Organizations have a need to protect Personally Identifiable Information (PII). As Event Streaming Architecture (ESA) becomes ubiquitous in the enterprise, the prevalence of PII within data streams will only increase. Data architects must be cognizant of how their data pipelines can allow for potential leaks. In highly distributed systems, zero-trust networking has become an industry best practice. We can do the same with Kafka by introducing message-level security.
A DevSecOps Engineer with some Kafka experience can leverage Kafka Streams to protect PII by enforcing role-based access control using Open Policy Agent. Rather than implementing a REST API to handle message-level security, Kafka Streams can filter, or even transform outgoing messages in order to redact PII data while leveraging the native capabilities of Kafka.
In our proposed presentation, we will provide a live demonstration that consists of two consumers subscribing to the same Kafka topic, but receiving different messages based on the rules specified in Open Policy Agent. At the conclusion of the presentation, we will provide attendees with a GitHub repository, so that they can enjoy a sandbox environment for hands-on experimentation with message-level security.
The goal is to demonstrate how we can utilize Open Policy Agent to provide fine-grained access-control for Kafka topics and the Kafka Streams API to filter outgoing PII messages based on the end user. The demo will show how three different Kafka users (bobjones
, alicesmith
, johnhernandez
) will authenticate to the Kafka broker and receive different results while consuming from the same topic (pii
).
- Confluent v5.5.2 (ZooKeeper, Broker, Control Center)
- Open Policy Agent
- Python 3.8.11
- Java 11
- Maven 3.8.1
This demo is bootstrapped using the docker-compose.yaml
file which starts up the following Docker containers:
- Confluent (ZooKeeper, Broker, Control Center)
- Open Policy Agent
- PII fake data generator using Python
- Kafka Streams for each of the three Kafka SASL users:
bobjones
,alicesmith
,johnhernandez
To get started, run the following command:
# Prepend 'sudo' if required in your environment
docker-compose up -d
Please note that it is expected for the kafka-streams-johnhernandez
to show an exit 0
. This is because in the demo.rego, johnhernandez
was not given access to any of the topics. Read the section labeled Result for kafka-streams-johnhernandez for more information.
Example output when running docker-compose ps
:
To examine the messages received for each of the three Kafka users, run the following command (Be sure to replace the container_name
placeholder):
docker logs -f [container_name]
As expected, when connecting as bobjones
, we will only be able to view the messages pertaining to him.
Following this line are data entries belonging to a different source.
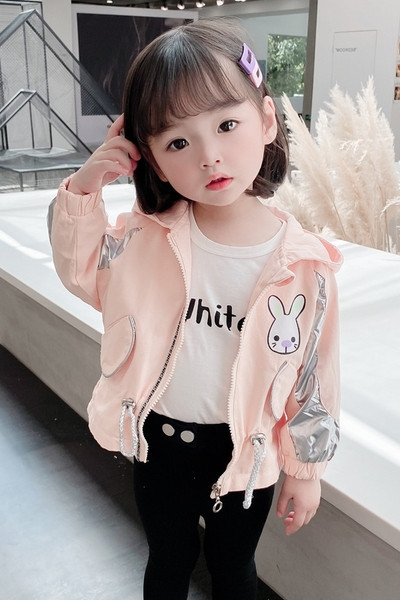 Kapuutsiga ja aplikatsiooniga vabaaja laste jope-tüdrukutele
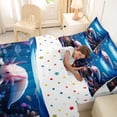 thumbnail image 4 of spefrowx Dreamy Sea Axolotl Twin Bedding for Kids, Vibrant Coral Jellyfish Shark Bedding Comforter Set, Polka Dot Reversible, 7pcs, 4 of 6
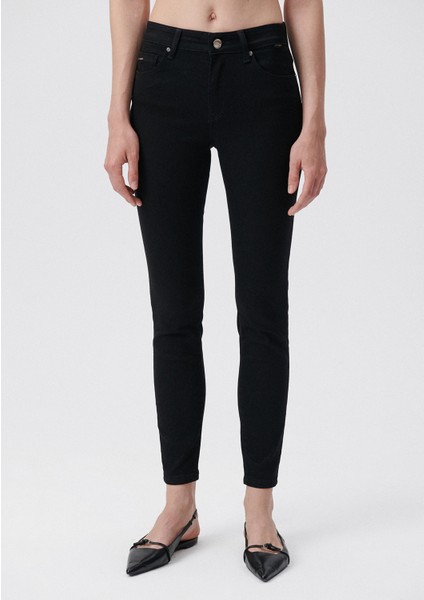 Kadın Tess Siyah Gold Luxury Jean Pantolon 100328-32092 modelleri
The same will go for the other users.
As mentioned before, since we did not grant johnhernandez
access to any of the topics via OPA, we will receive a TopicAuthorizationException
when attempting to consume messages.
In order for Kafka to integrate with Open Policy Agent, we created a derivative Docker image based on the confluentinc/cp-server:5.5.2
image. We utilized this GitHub repository which provides the custom authorization code that connects Kafka and OPA. From here, we can provide the following properties to the Kafka broker during startup:
# The Java jar path to the OPA class that handles authorization
KAFKA_AUTHORIZER_CLASS_NAME: tech.goraft.kafka.opa.OpaAuthorizer
# The OPA endpoint for handling authorization
KAFKA_OPA_AUTHORIZER_URL: "http://opa:8181/v1/data/kafka/authz/allow"
KAFKA_OPA_AUTHORIZER_ALLOW_ON_ERROR: "false"
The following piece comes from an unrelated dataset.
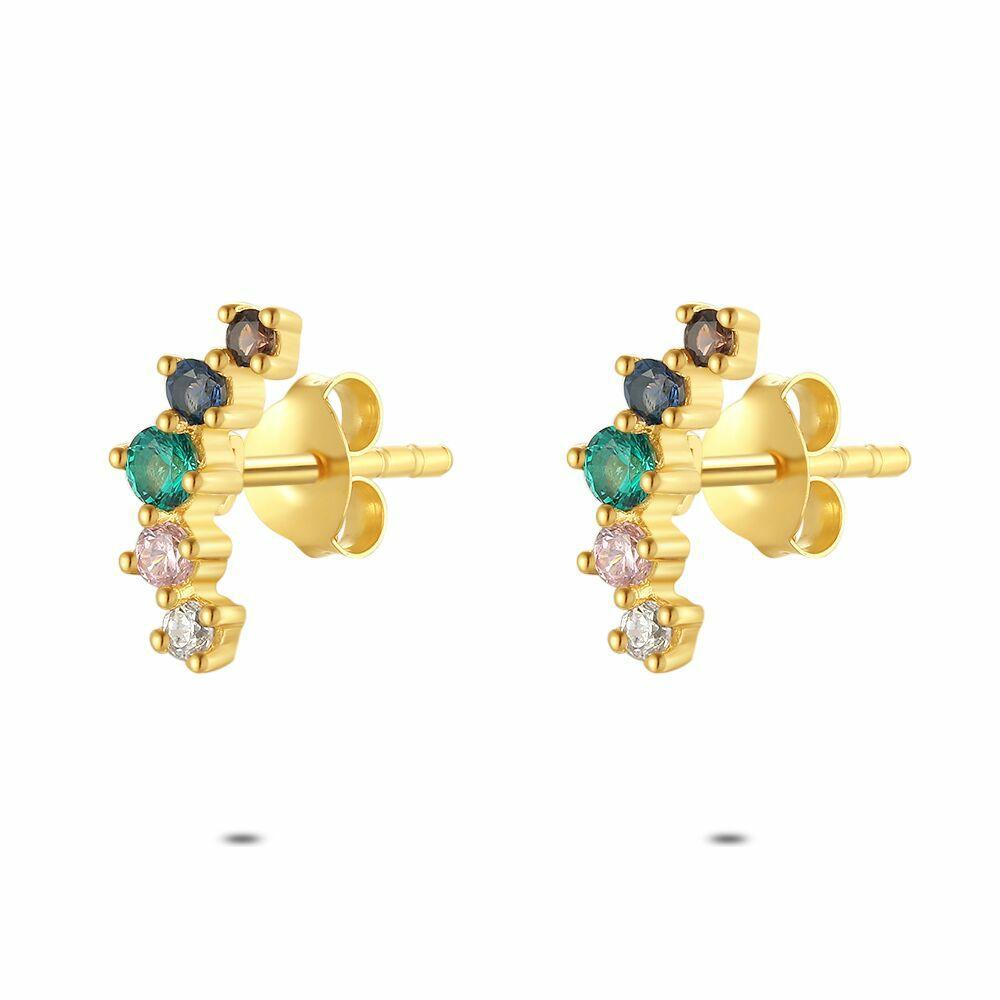 Earrings | 18Ct Gold Plated Silver Earrings, Colourful Stones Earrings Earrings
KAFKA_OPA_AUTHORIZER_CACHE_INITIAL_CAPACITY: 100
KAFKA_OPA_AUTHORIZER_CACHE_MAXIMUM_SIZE: 100
KAFKA_OPA_AUTHORIZER_CACHE_EXPIRE_AFTER_MS: 600000
The Rego query language provides a declaritive way to define policies. For this demo, a single Rego file was created to handle the access-control for the various Kafka users. After a user authenticates to the Kafka broker, the defined OPA policies are checked to see if the user has access to the requested topic.
If you want to go beyond what is provided in the demo, the following sections will describe how to build and push the applications individually. Please verify the software defined in the Technical Stack section is properly installed on your machine.
Note: If you want to test your new image with the original demo, be sure to replace the appropriate image in the docker-compose.yaml.
- Change directory to
kafka-opa
:cd kafka-opa
- Build the Java application using Maven
mvn clean install
- Build the Docker image
docker build . -t [registry_name]/kafka-opa
- Push the Docker image
docker push [registry_name]/kafka-opa
- Change directory to
pii-datagen
:cd pii-datagen
- Build the Docker image
docker build . -t [registry_name]/pii-datagen
- Push the Docker image
docker push [registry_name]/pii-datagen
- Change directory to
kafka-streams-message-security
:cd kafka-streams-message-security
- Build the Docker image
docker build . -t [registry_name]/kafka-streams-message-security
- Push the Docker image
docker push [registry_name]/kafka-streams-message-security